There is really no such thing as a high resolution PDF versus a low resolution PDF. What you are really doing is downsampling the images within the PDF file. Any text or vector content is fully scalable and has no inherent resolution!
If you are framing images, you should be using vector-based lines or shapes instead of incorporating such “line frames” into the images themselves. As part of the images, downsampling could in fact corrupt the apparent thickness of these lines, especially if “lossy” compression such as JPEG is used.
The Enhance thin lines and smooth line art are totally irrelevant to raster images such as your photographic images with embedded frames in raster format.
Bottom line is to change your workflow to frame your images with vector-based shapes and don't incorporate same into the image itself.
Thanks for your answer but you are assuming I'm doing things incorrectly, which is not the case.
All my line artwork is vector based (yes, even the frames around images), and when I say high resolution and low resolution is partly correct because when you are reducing the file size of a pdf, images need to be compressed drastically to enable the pdf to be much smaller than a PDF that has no compression at all. Therefore, this is reflected in the file size and quality of the PDF.
I am preparing these PDFs to be viewed digitally both on desktop and mobile, as they will be part of a digital campaign. I would expect that when a pdf is compressed, there will be some loss of image quality but I don't expect the pdf to change the appearance of any vector artwork, and this is my problem.
I have googled this many times and there does seem to be an issue for many people. The appearance of line artwork changes once you create a compressed pdf, and I was wondering if Adobe has an answer for this as I couldn't find any. It did look like if it was an acrobat bug.

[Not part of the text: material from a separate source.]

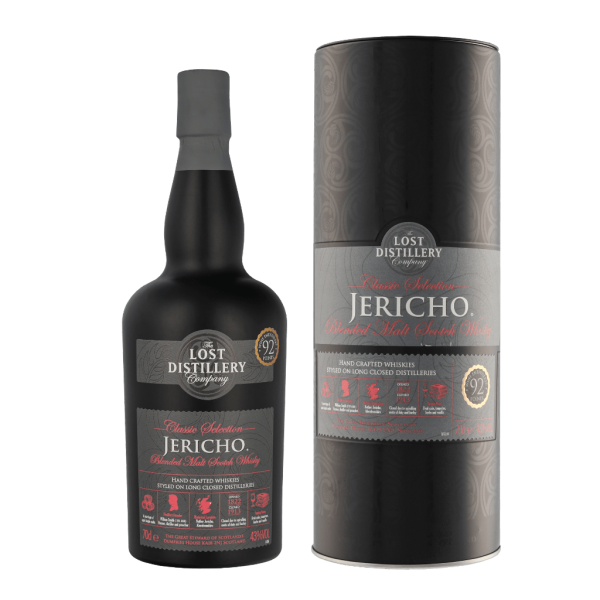 Lost Distillery Jericho + Tin GB 70cl Blended Malt Whisky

Any other answers out there?
Contrary to what you may have been told and/or believe, there is absolutely no change in display or print quality in a PDF file for vector or text content when you do downsampling of the images! Vector is vector and is not measured in pixels which is resolution dependent. And FWIW, at Adobe we are not aware of any issues associated with downsampling images causing issues with vector and text content.

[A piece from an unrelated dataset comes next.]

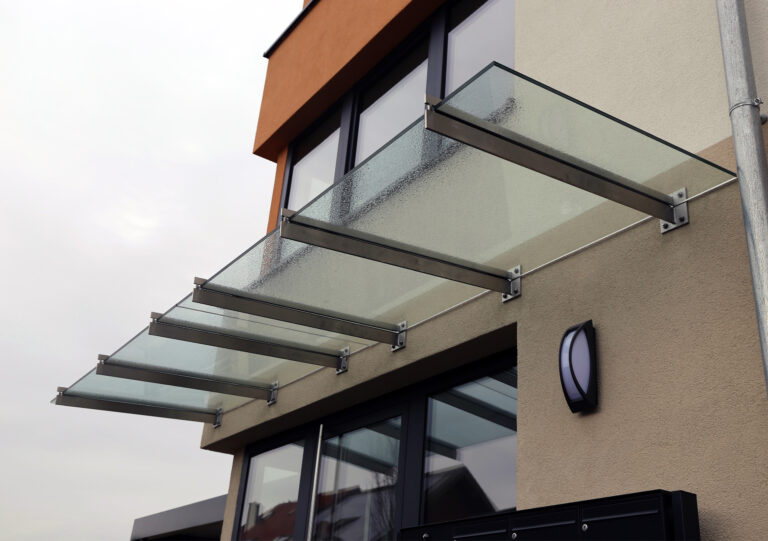 Glass Canopies Essential Design Group Northern Ireland Belfast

OK, assuming that your frames are indeed vector, one other thing to look at is ordering. If the image is above the frame, the boundary of the frame and the image may be the issue. Try putting the frame above the image and see if that helps. Also, make sure the frame is opaque.
If that isn't the case, we would appreciate it if you could post PDF file samples for us, one before downsampling and one after downsampling and we'll try to see what's going on.
Thanks for your help.
I've probably confused the matter here by saying high-res and low-res pdfs because I am aware/know what you are saying, so let me give you more information/background and screenshots of the problem I'm having when compressing the pdf.

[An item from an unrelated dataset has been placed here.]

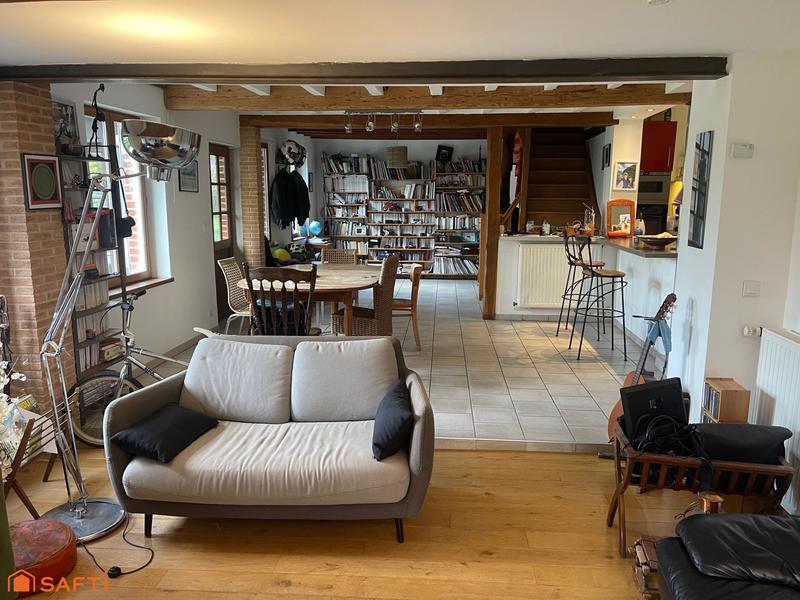 Maison - 150 m² - 6 pièces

This is precisely the core of my problem. As far as I am concerned, there should be no change in any vector based artwork or in any text within a pdf, even if the pdf is compressed. Yet, the appearance of my pdf is changing when I export it as a reduced size PDF.
Here are details onhow I'm preparing my artwork:
1- I am preparing artwork in photoshop CC. It's an A4 - 300 dpi file with a combination of images, text and vector based artwork.
2- I'm saving a copy of the original photoshop artwork as a photoshop PDF document.
3- When I open this artwork in Acrobat Pro DC, it all looks exactly as my original photoshop artwork. So, everything is fine there.
4- Within Acrobat, I go to: "save as other > reduced size pdf. Once the reduced version of the PDF is exported, all line artwork appear in random thicknesses and some even disappear. This is the problem I'm having which I'm hoping you can help me understand why this happens.
So here is an example. Sorry, I cannot show you the entire document for copyright issues, but this summarises what happens throughout the document.
I need to highlight here that these lines are vector based.
Thanks for providing the technical details. When you Save as PDF from Photoshop, vector or text objects drawn in Photoshop may or may not end up as vector or text in the PDF.
(1) If you flatten the layers before saving the PDF, vector and text is rasterized. There may be some other situations that such rasterization would also occur implicitly.
(2) If the layer with the frames is beneath the image or at the edge of the image, image downsampling may overlap the vector frame.
If either of these situations are true, I can readily imagine the symptoms you describe occurring.
Again, if you can post a sample of such a PDF file or send a copy to me at Adobe <firstname.lastname@example.org>, I'll gladly take a look at it and give you a definitive answer.
Thank you, what you are saying makes sense. My only question is why the original pdf export is ok, but when I save a reduced size pdf this happens. If the layer rasterisation happens then it would probably show in the original pdf too, but it doesn't.
Also, there is no change at all to the text. It still displays as crisp as the original.
I have sent you a couple of pdfs by email.
Many thanks again.
personally I'd expect the lines the be rasterised even if the text isn't. Why are you using Photoshop for such unsuitable work?